The Mystery of Love, Divine and Human
To say that things attain their completion in the realm of the subject doesn't just turn the cosmos inside out and on its head. First of all, it is experientially and phenomenologically true, which I believe is Balthasar's point. In this particular volume, The Truth of the World, he doesn't get much into theology per se. Rather, he is just setting the stage for the theology which will come later. For as always, we must begin at the beginning, with the question of "just what kind of cosmos is this, anyway?" And any answer that leaves out life, let alone consciousness, as intrinsic properties, is a non-starter.

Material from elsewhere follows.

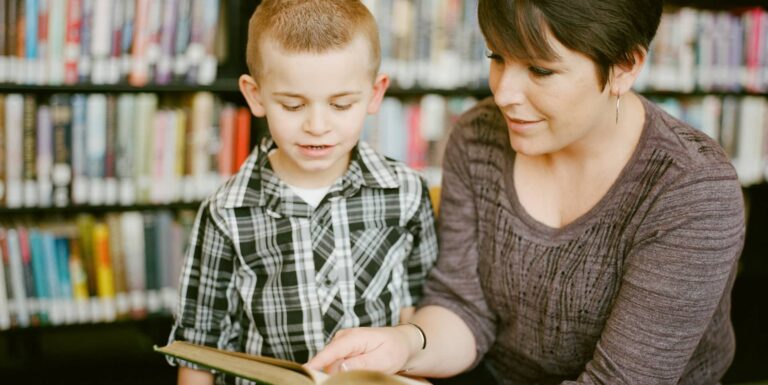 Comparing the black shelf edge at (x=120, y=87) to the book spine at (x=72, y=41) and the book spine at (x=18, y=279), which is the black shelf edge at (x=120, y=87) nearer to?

Once we realize this, then it becomes much easier to understand where religion fits into the picture, i.e., the cosmic principles through which it operates.
In a truly evolutionary worldview, we would see a cosmos gradually becoming more interior to itself, until it reaches a point at which this interiority doubles back upon itself in man. As such, man can be a subject for objects, as well as for other subjects. And that is not all. For man can also reconcile himself to the Absolute subject behind the play of phenomena. Thus, just as objects complete their otherwise meaningless existence in man -- the locus of worldly meaning -- man completes his otherwise meaningless existence in the Absolute subject, the locus of cosmic meaning.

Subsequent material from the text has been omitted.